Lazzaro parece feliz, muito embora seja de fato objeto de exploração por todos. Tal personagem nos leva a refletir o quanto as pessoas se mostram ser más e perversas quando encontram alguém desprovida de qualquer malícia, portanto, ingênua e pura em sua natureza.
Dizem autores diversos que a sociedade transforma o ser humano e até o corrompe, como concluiu Rousseau (1712-1778); mas isso não vale para alguém como Lazzaro, pois, por mais que passe por situações difíceis impostas pelo mundo, ele continua ali impoluto e voltado apenas para servir.
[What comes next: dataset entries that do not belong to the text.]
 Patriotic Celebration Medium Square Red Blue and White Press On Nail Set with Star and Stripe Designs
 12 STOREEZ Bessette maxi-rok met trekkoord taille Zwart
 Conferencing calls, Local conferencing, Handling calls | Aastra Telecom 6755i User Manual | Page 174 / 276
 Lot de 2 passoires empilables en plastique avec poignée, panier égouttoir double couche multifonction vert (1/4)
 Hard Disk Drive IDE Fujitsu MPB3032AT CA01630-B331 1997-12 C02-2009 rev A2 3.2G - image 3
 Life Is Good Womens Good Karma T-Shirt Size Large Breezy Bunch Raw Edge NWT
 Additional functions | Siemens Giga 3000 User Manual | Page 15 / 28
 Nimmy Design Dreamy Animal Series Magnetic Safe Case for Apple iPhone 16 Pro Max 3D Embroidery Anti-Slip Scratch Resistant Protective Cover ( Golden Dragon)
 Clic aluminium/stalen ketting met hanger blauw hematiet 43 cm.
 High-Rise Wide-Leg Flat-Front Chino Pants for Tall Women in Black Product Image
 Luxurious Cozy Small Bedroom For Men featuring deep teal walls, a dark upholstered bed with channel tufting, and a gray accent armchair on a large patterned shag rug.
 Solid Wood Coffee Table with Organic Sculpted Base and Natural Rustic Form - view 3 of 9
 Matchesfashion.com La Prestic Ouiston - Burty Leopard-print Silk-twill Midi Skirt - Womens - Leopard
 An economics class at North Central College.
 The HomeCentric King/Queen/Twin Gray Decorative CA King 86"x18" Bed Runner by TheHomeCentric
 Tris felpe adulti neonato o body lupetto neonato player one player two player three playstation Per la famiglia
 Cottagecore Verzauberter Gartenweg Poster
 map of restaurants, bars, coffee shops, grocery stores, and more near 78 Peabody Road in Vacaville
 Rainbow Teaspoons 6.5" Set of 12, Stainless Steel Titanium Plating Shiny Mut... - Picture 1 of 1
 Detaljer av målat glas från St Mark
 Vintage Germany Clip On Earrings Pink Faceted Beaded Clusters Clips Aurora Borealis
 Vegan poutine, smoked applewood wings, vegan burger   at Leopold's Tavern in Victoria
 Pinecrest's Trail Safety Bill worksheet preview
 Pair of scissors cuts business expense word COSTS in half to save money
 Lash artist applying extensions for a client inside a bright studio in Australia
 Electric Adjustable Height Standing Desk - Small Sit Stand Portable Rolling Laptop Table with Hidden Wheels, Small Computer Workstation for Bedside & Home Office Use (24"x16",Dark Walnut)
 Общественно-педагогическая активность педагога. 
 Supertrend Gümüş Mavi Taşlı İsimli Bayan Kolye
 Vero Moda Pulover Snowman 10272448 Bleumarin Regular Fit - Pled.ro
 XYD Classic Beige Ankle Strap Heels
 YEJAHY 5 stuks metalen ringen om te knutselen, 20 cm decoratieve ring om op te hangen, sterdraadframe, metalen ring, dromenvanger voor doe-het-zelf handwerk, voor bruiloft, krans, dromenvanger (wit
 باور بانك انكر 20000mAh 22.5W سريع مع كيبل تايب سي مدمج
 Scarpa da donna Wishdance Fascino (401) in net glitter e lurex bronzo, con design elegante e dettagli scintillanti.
É evidente que natureza como a de Lazzaro não condiz com um “mundo cão” onde predomina a corrida pelo dinheiro e pelo poder, como é típico da sociedade erigida sob a ótica da propriedade e do capitalismo.
A experiência de vida me fez perceber claramente que não dá pra viver de forma ingênua e pura num mundo tão desumanizado pela ganância e pelo individualismo. Somente a experiência para mostrar o quanto é preciso se transformar em meio às adversidades.
Mas, no caso do personagem Lazzaro, sua natureza não muda perante as novas condições de exploração em que se encontra; ele continua ingênuo e puro a ponto de defender os seus opressores, pois, sequer demonstra ter noção da exploração que continua a viver.
Das várias lições que podemos tirar do filme uma delas é que o mundo não é lugar para os ingênuos. Todos têm seus sonhos e desejos, mas somente aqueles que se encaixam no sistema ou mesmo que conseguem perceber criticamente o sistema é que “sabem” de alguma forma lidar com esse mundo de exploração.
Lazzaro Felice é uma ótima obra para questionar e refletir sobre o nosso mundo e sobre o que fazemos de nós perante a tragicomédia da vida.